Early Marriage in Vietnam from a Socio-Geographic Perspective

This analysis is a part of my work for the IBM Data Science Capstone.

This analysis is a part of my work for the IBM Data Science Capstone.

Photo by Hisu lee on Unsplash
Photo by Hisu lee on Unsplash

1. Introduction

In Vietnam, millennials are putting off or postponing their marriage. The average age at the first marriage increased from 24.5 to 25.5 for the past ten years. This trend has directly accelerated its aging population, creating big concern for one of Asia’s fastest-growing economies. According to data from the Ministry of Planning and Investment, Vietnamese aged 15 to 64 account for 68% of the population. Those 65 and older, meanwhile, represent the fastest-growing segment. This age group represented 7.7% of the population in 2019, up from 6.4% in 2009.

Image by Author
Image by Author

As Vietnam officials worry about low fertility rates in some parts of the country, young people are encouraged to get married before turning 30 and having babies. There is no much information in the government’s latest announcement regarding specific strategies, policies, or guidance provided to the local authorities. Before diving into the solutions, here are two main motivations of this analysis:

  • Which factors might have driven the trend of late marriage in Vietnam?
  • Is there any statistical difference in the age to get married among geographical areas?

Addressing the first question will create a clear picture of the marriage situation in Vietnam.
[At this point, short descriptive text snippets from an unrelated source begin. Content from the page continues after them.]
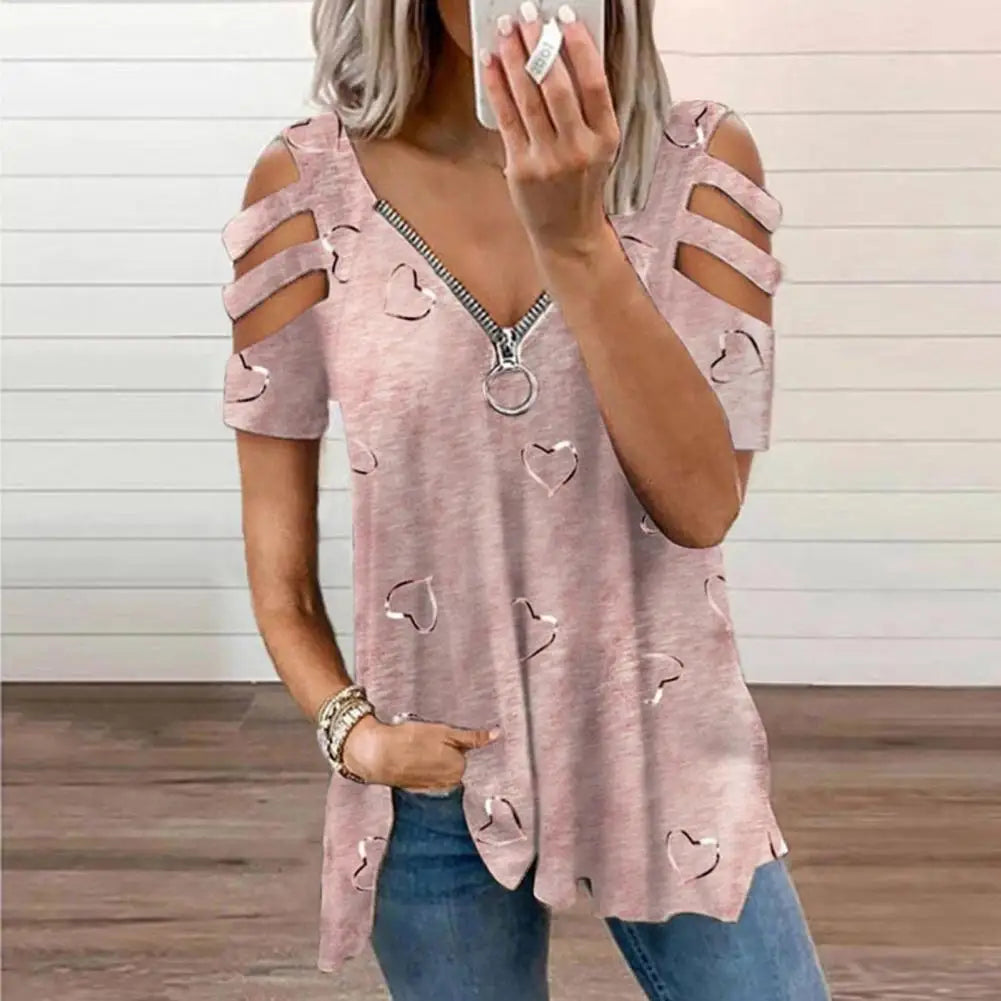 Women Summer Top V Neck Low-cut Hollow Out Short Sleeves T-shirt Match Pants Loose Plus Size Women Blouse Women Clothes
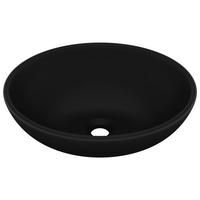 WASCHBECKEN Oval 40/33/13,5 cm aus Keramik Matt Schwarz Luxuriös - Schwarz, Keramik (40/13.5/33cm) - vidaXL
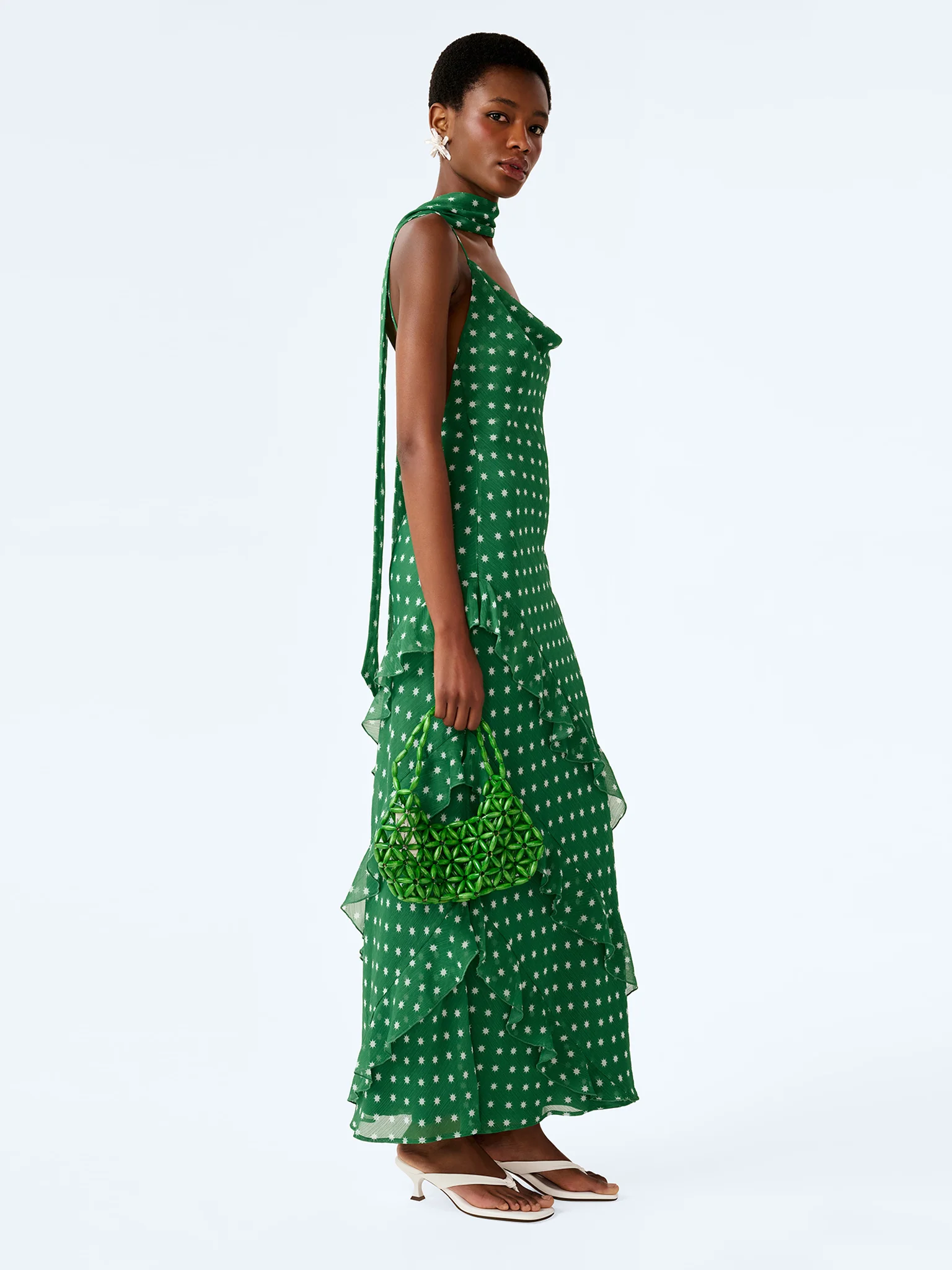Taylor Dress in Green Starburst Print - Image 5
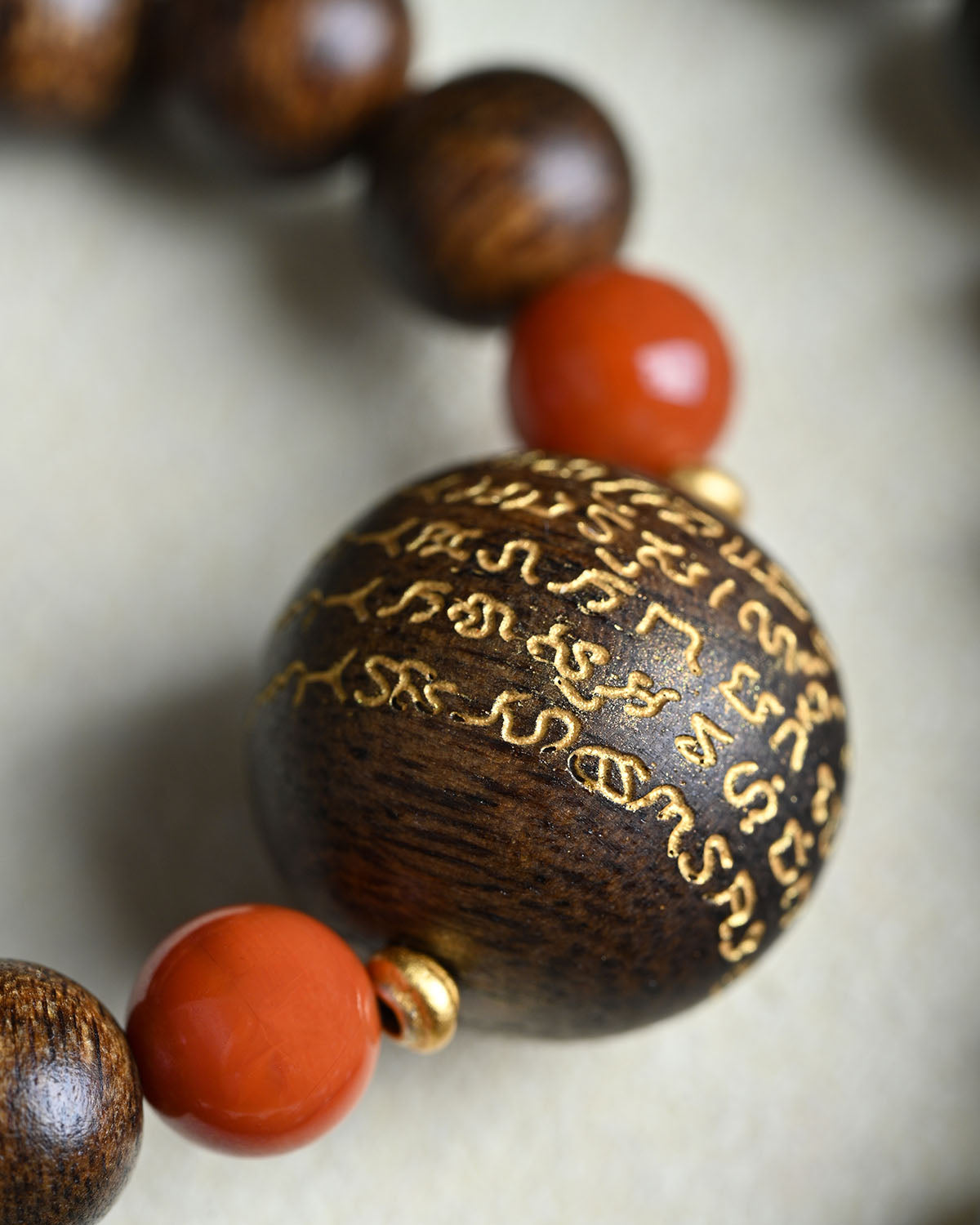 Buddhist Scripture Agarwood Bracelet Double Tour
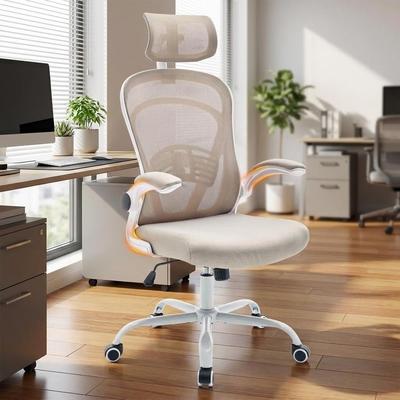 Garvee Ergonomic Office Chair for Long Hours Back Pain Relief, Home Office Desk Chair Comfy with Flip-Up Armrests &Comfortable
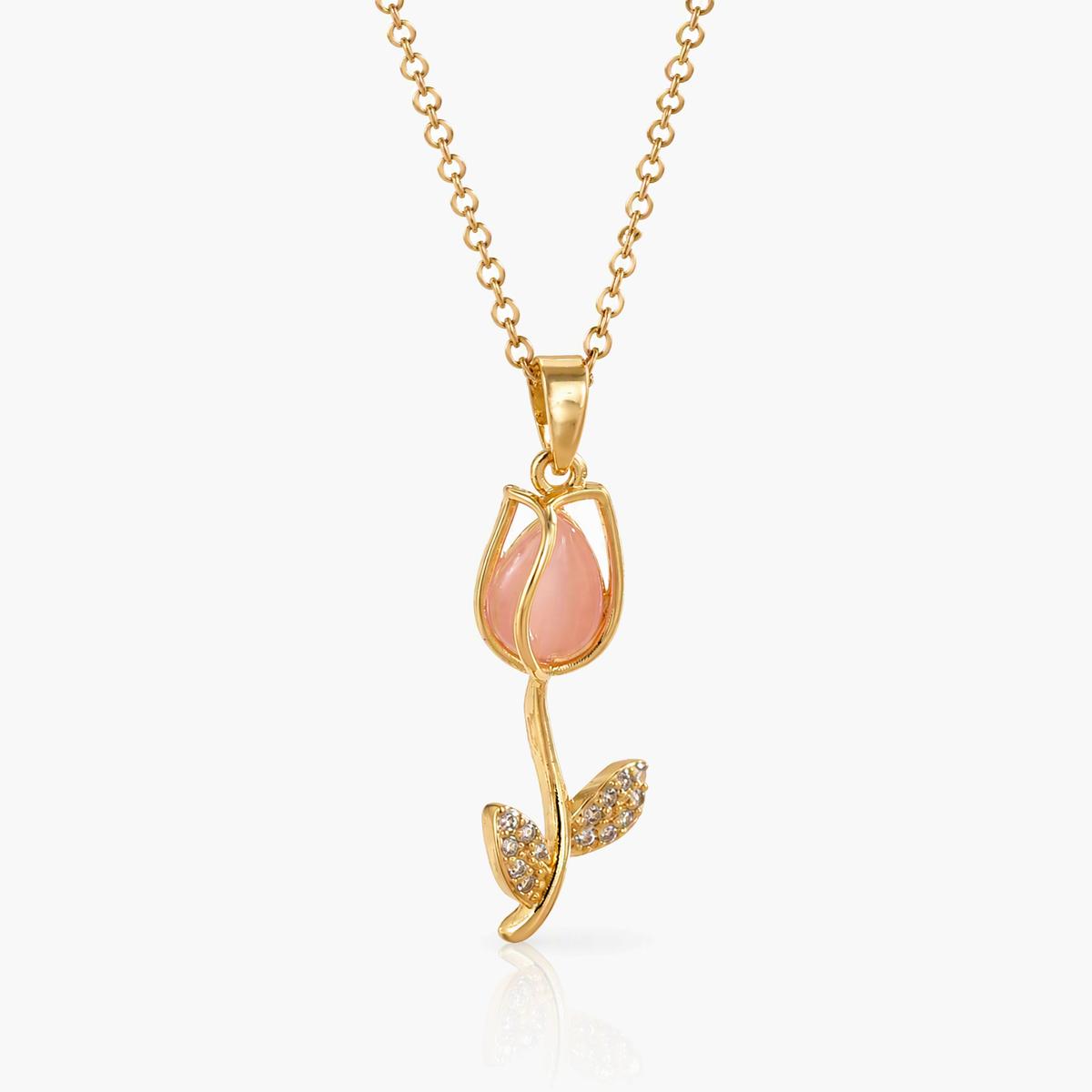 Dainty Tulip Pendant Necklace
In contrast, the second one’s answer will support the localization at a lower level (if any) during the implementation phase.

2. Data

2.1. Data understanding and collection

Below are all the sources used in this analysis:

  • Statistics from General Statistics Office of Vietnam, including three key elements: (1) Population and Employment; (2) Education; and (3) Health, Culture, and Living Standard (May 29, 2020).
  • Employment Working Hour data collected from the Report on Labor force survey in 2018 by the General Statistics Office of Vietnam.
  • Geospatial Coordinates: polygon datasets that contain the geospatial data of provinces administration in Vietnam from the Open Development Mekong database. These JSON-format data provide input for the Vietnam map’s visualization.
  • List of Vietnam’s Administrative Division: at Provincial/City level. This information is obtained from the General Statistics Office (GSO) of Vietnam (May 29, 2020).

2.2. Data cleaning

Since all the data obtained and organized by government agencies were in a structured format, there was no major cleaning and processing. However, the collected data were not centralized and varied across different forms. For example, statistics about the Living Standards with four primary criteria were allocated in four different forms. Therefore, it was important to go through each dataset before merging them into a master dataset used for the analysis. There are some minor cleaning tasks done, including:

  • Removed the Vietnamese accents from the data for later classification
  • Changed province/city name to match Geospatial Coordinates (polygon datasets in JSON format)
  • Examined the data types of each column
  • Removed duplicate records

The output of the data cleaning (top 5 rows) is as below:

Image by Author
Image by Author
Image by Author
Image by Author

2.3. Explanatory data analysis – EDA

EDA refers to performing initial investigations on data to discover patterns, spot anomalies, test hypotheses, and check assumptions with the help of summary statistics and graphical representations.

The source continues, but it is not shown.